March 2026
Below you can find an overview and the detailed methodology for the QS Global Student Flow
Contents
- About QS Global Student Flows
- Understanding the Sources Behind Global Student Flow Data
- Forecasting Global Student Flows
- Validation
- The Global Student Flows Model
- Why Cities Matter
About QS Global Student Flows
The Global Student Flows (GSF) dataset was created to address a major gap in international education data: the lack of a single, authoritative, standardized source of information on global student mobility. While international student movement represents a significant and growing global phenomenon, the available data is fragmented, inconsistent, and often difficult to compare across countries.
This dataset aims to build a comprehensive system that not only consolidates global data but also standardizes and forecasts international student flows, offering stakeholders clearer and more actionable insights.
The Core Challenge: Inconsistent and Non-Comparable Data
International student data is collected and published by a range of sources, including national ministries of education, immigration departments, private organizations, and international bodies such as UNESCO and OECD. However, these sources differ in how they define and measure “international students.”

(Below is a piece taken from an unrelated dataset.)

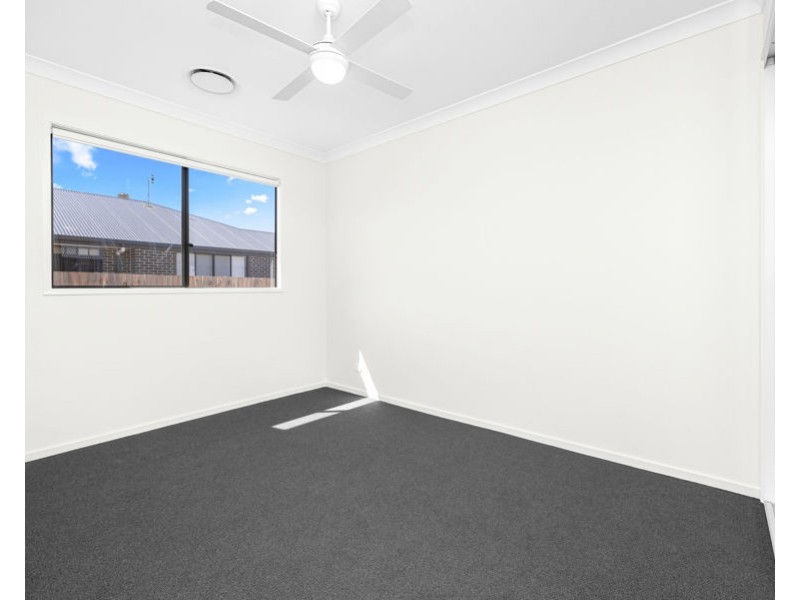 8 Harmony Avenue, Urraween QLD 4655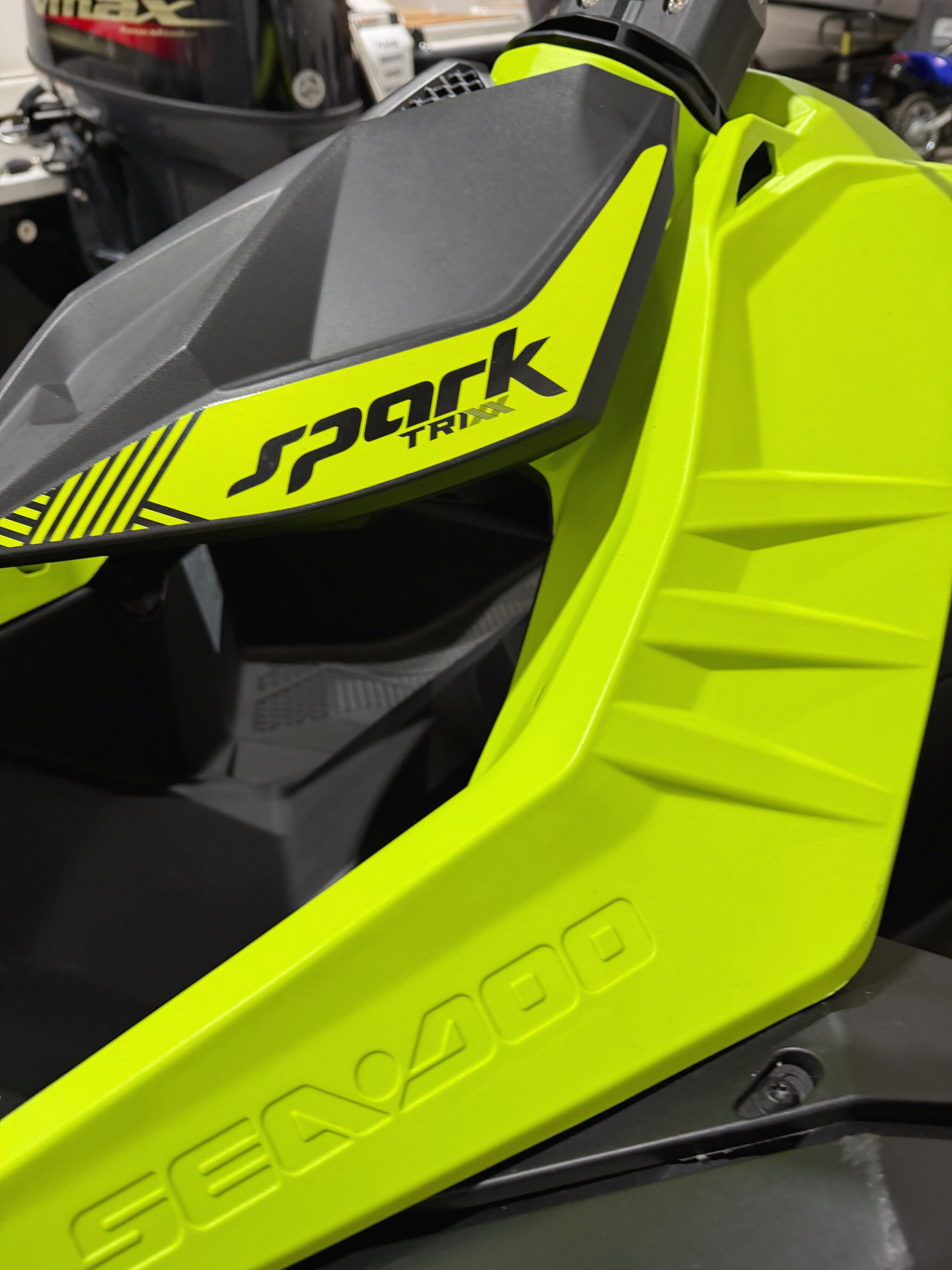 2023 SEADOO SPARK TRIXX 2UP ONLY 11 HRS! W/TRAILER.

Some countries classify students by citizenship, others by residency status or visa category. Reporting methods, timelines, and coverage vary significantly. In many cases, reporting to international platforms is voluntary, which can lead to incomplete submissions and data gaps across years or countries.
As a result, direct comparisons between destinations are often unreliable. The lack of consistency and completeness limits the ability of institutions, governments, and industry stakeholders to make informed decisions.
Creating a Standardized and Forward-Looking Framework
The Global Student Flows initiative is designed as more than a static dataset. It functions as an integrated framework and forecasting engine. At its foundation is a standardized global dataset constructed by harmonizing diverse national data sources.
This dataset feeds into a structured model built using sound methodological principles. The system combines quantitative data processing with expert input to produce validated outputs and forecasts. The emphasis on forecasting allows stakeholders to anticipate future mobility trends rather than relying solely on historical figures.
By integrating technical modelling with domain expertise, the framework seeks to deliver both accuracy and practical relevance.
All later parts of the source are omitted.